Sauf ces réserves, et d’autres (et il n’y a pas de beuvien sans réserves) les Lundis sont l’œuvre du plus sûr liseur qui ait existé. Dans les auteurs des trois siècles, de Rabelais à Lamartine, on peut être certain que la citation qu’il choisit est la meilleure, le trait qu’il retient le plus typique, et il faut avoir passé dans un sujet après lui pour voir qu’à la manière des anciens, il s’est levé le plus matin, a cueilli les plus beaux fruits. Et puis, il ne faut pas que le terme des Lundis nous fasse oublier celui des Causeries.
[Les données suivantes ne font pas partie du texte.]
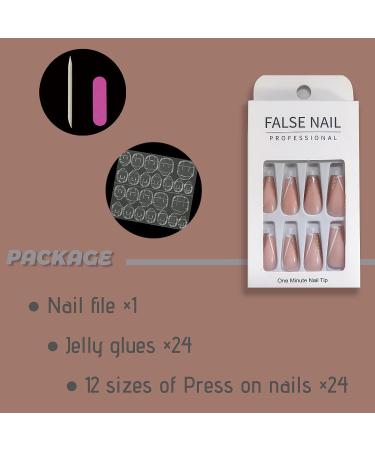 FOAMEE Medium Nude Coffin Fake Nails with Sequins Designs - Acrylic Glossy False Nails for Women - Buy Online on GoSupps.com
La plume à la main, Sainte-Beuve est en effet le grand causeur de notre littérature, aussi agréable que Voltaire, aussi fort que Diderot. Il le savait bien quand, se débarrassant, le vieux serpent, de ses peaux successives, romantisme, catholicisme, sentimentalisme, mysticisme, il se découvre pour sa forme dernière et plus vraie l’esprit analytique et la sensibilité du XVIIIe siècle.

Qu’importent alors les « théories » qu’on lui a prêtées ou par lesquelles il a caractérisé un moment ou une coupe de son éternelle mobilité ? Physiologie, histoire naturelle des esprits : ne laissons pas ces étiquettes se coller sur lui ; magicien et non théoricien ; réfléchissant, et non pensant ; promeneur et non professeur ; douteur et non docteur ; fils de Montaigne, le plus authentique du XIXe siècle. Mais, sous la causerie et l’esprit, toujours, le sérieux et le substantiel : jamais, comme dans Montaigne ou Diderot, de la pensée pour l’amusement, ni un jeu gratuit.